AIPAC wields $50M political clout, rebukes Israel critics, and eyes an anticipated $100M for the 2024 elections.

U.S. Secretary of State Antony Blinken is welcomed to the stage by American Israel Public Affairs Committee (AIPAC) President Michael Tuchin during the committee's annual policy summit Grand Hyatt on June 05, 2023 in Washington, DC.

A November house vote to censure Rep. Rashida Tlaib (D-Mich.) was the latest effort to counter members of the progressive “squad” by politicians backed by the American Israel Public Affairs Committee. The squad, a group of eight lawmakers, mainly women, has been critical of Israeli policy and is calling for a ceasefire in Gaza.

Already one of the most influential political organizations in Washington, AIPAC created a political action committee in 2021, enabling the organization to contribute directly to political campaigns.

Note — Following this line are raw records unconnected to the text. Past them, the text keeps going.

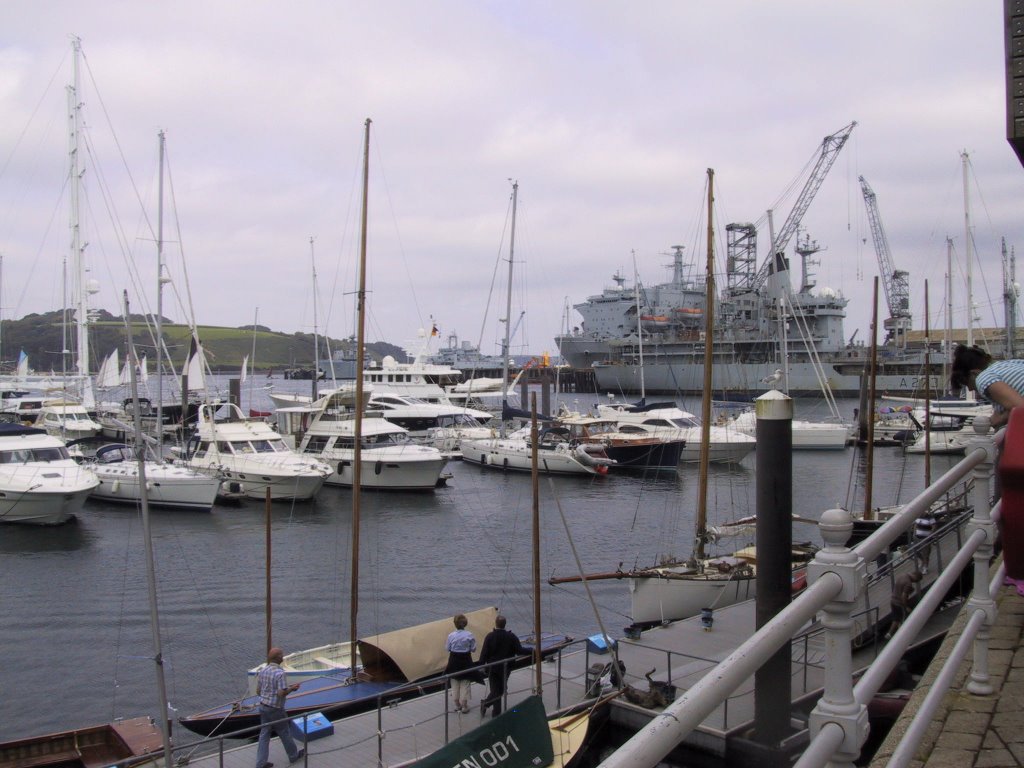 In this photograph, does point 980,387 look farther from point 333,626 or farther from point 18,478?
point 18,478

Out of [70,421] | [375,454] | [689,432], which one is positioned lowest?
[375,454]

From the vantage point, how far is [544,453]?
46969mm

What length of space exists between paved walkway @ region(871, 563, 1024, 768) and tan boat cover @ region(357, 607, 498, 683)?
1104 centimetres

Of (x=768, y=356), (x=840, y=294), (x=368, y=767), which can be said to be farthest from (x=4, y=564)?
(x=840, y=294)

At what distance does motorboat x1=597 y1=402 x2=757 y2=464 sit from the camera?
50.0m

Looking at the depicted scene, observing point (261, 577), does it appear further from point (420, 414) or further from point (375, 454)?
point (420, 414)

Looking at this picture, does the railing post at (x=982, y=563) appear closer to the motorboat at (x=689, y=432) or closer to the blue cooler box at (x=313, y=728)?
the blue cooler box at (x=313, y=728)

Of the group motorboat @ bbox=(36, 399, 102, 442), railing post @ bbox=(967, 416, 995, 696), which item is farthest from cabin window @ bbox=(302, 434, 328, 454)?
railing post @ bbox=(967, 416, 995, 696)

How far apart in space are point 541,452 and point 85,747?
35.4 m

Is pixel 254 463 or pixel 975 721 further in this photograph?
pixel 254 463

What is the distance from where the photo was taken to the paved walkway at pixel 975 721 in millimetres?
3543

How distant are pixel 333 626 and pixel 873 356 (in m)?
17.3

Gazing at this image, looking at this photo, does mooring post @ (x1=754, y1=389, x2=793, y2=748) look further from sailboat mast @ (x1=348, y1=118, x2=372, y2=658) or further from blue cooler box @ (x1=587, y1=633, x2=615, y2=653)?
sailboat mast @ (x1=348, y1=118, x2=372, y2=658)

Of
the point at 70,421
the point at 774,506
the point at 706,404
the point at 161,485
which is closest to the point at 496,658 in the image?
the point at 774,506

Rep. Rich McCormick (R-Ga.), who introduced the resolution to censure Tlaib for allegedly using anti-semitic rhetoric when speaking out against U.S. aid to Israel, received $10,000 from AIPAC in the 2022 election cycle.

AIPAC also donated to the campaigns of all but one of the twelve Republican cosponsors of the censure.

Tlaib has denied the allegations made against her. “Rather than acknowledge the voice and perspective of the only Palestinian American in Congress, my colleagues have resorted to distorting my positions in resolutions filled with obvious lies,” the congresswoman said in a statement released prior to the censure vote.

The Michigan Democrat became the second Muslim-American woman in Congress to be officially rebuked this year for her criticism of Israel. In February, Rep. Ilhan Omar (D-Minn.) was removed from the House Foreign Affairs Committee for similar comments following a resolution introduced by Rep. Max Miller (R-Ohio).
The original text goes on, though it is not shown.